By Soyoung Ho
Large accounting firms in comment letters asked the SEC to work with the PCAOB on what the auditor’s role should be if the commission moves ahead with its plans to get rid of the requirement that public companies disclose selected quarterly financial data, which means that fourth quarter results will no longer be discretely presented in the financial statements.
Their request comes as the SEC published a proposal intended to streamline information required in the management’s discussion and analysis (MD&A) and selected financial data in Release No. 33-10750, Management’s Discussion and Analysis, Selected Financial Data, and Supplementary Financial Information, issued on January 30, 2020.
The capital market regulator proposes to eliminate Item 302 of Regulation S-K, which spells out the reporting requirements under the Securities Act of 1933.
Item 302(a)(1) requires disclosure of selected quarterly financial data of specified operating results and Item 302(a)(2) requires disclosure of variances in these results from amounts previously reported on a Form 10-Q. In particular, Item 302(a) requires certain information for each full quarter within the two most recent fiscal years and any subsequent period for which financial statements are included, according to Release No. 33-10750.
The SEC said it is proposing to eliminate Item 302 because the information can be readily accessed in previous filings and elsewhere through the Electronic Data Gathering, Analysis, and Retrieval (EDGAR) System. (See SEC Proposes to Streamline MD&, Financial Data in the February 3, 2020, edition of Accounting & Compliance Alert.)
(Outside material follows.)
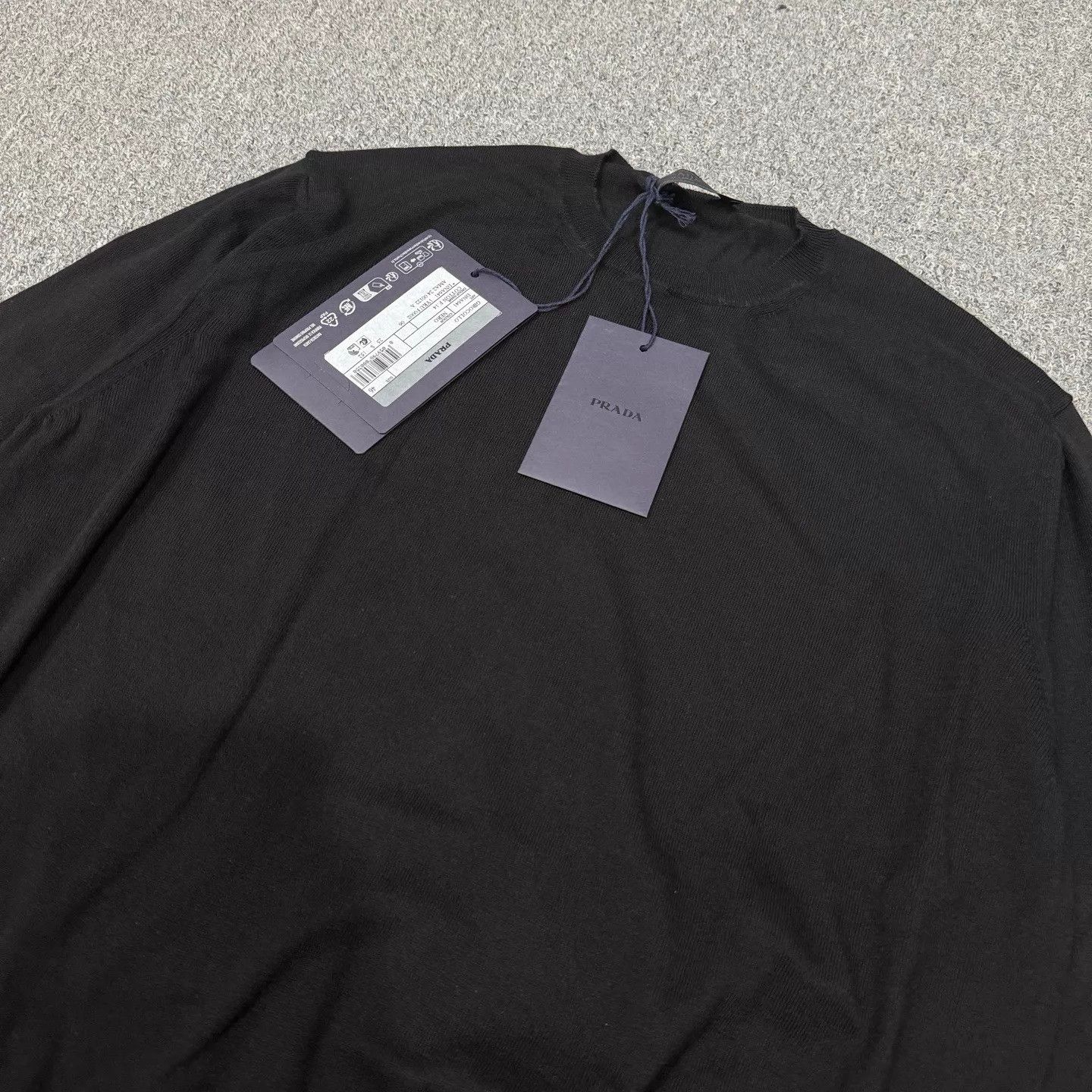 Prada Prada 24 Cashmere Sweater Black 46 NWT Size US S / EU 44-46 / 1 - 3 Thumbnail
KPMG LLP said it supports the proposed elimination of Item 302(a), but companies might still choose to voluntarily present selected quarterly information, including fourth quarter data in their annual reports.
But PCAOB Auditing Standard (AS) 4105, Reviews of Interim Financial Information, requires auditors to review the fourth quarter interim financial data only when it is in an annual filing. The standard is silent about what auditors have to do with information that is voluntarily provided.
“If providing fourth quarter information becomes voluntary under a final rule, the auditor’s responsibility relating to that information is not clear,” KPMG wrote. “If Item 302(a) is eliminated in the final rule as a proposed, we recommend the SEC coordinate with the PCAOB as necessary to clarify the auditor’s responsibility over voluntarily-provided fourth quarter information.”
More Research Needed
In the meantime, some audit firms asked the SEC to consider alternative approaches because the proposal could shortchange investors.
RSM US LLP said the SEC should ask investors to find out what level of assurance they want on fourth quarter information and then decide whether Item 302(a) should be eliminated.
“If investors do not see a need to retain Item 302(a) generally, we recommend the Commission consider retaining a more narrow requirement to disclose the Item 302(a) information when there is a material retrospective change to be reflected in the current and prior years’ quarter,” RSM said.
Ernst & Young LLP believes that Item 302(a) should be retained and even be improved to benefit investors.
The Big Four firm said a company discloses retrospective revisions to amounts disclosed in prior quarterly reports on Form 10-Q. Companies make revisions because of errors, changes in accounting principles, and discontinued operations.
“Absent the Item 302(a) disclosures, an investor may not see the adjusted quarterly information until the subsequent year’s quarterly reports on Form 10-Q,” EY wrote. The firm said the SEC should also revise the current required line items to conform to the key subtotals in the company’s interim income statement.
Currently, Item 302(a)(1) can create an inconsistency between the quarterly data and the financial statements because companies are only required to include gross profit in their quarterly data yet may not present that in their interim financial statements according to SEC Staff Accounting Bulletin (SAB) Topic 11.B, Depreciation and Depletion Excluded from Cost of Sales.
Investors, including the SEC’s Investor Advisory Committee, told the commission to leave Item 302(a) alone because it shifts the burdens from companies to them in getting the information. (See Investor Advisory Committee Recommends SEC to Rethink Plans to Streamline MD&A and Financial Disclosure Rules in the May 26, 2020 edition of ACA.)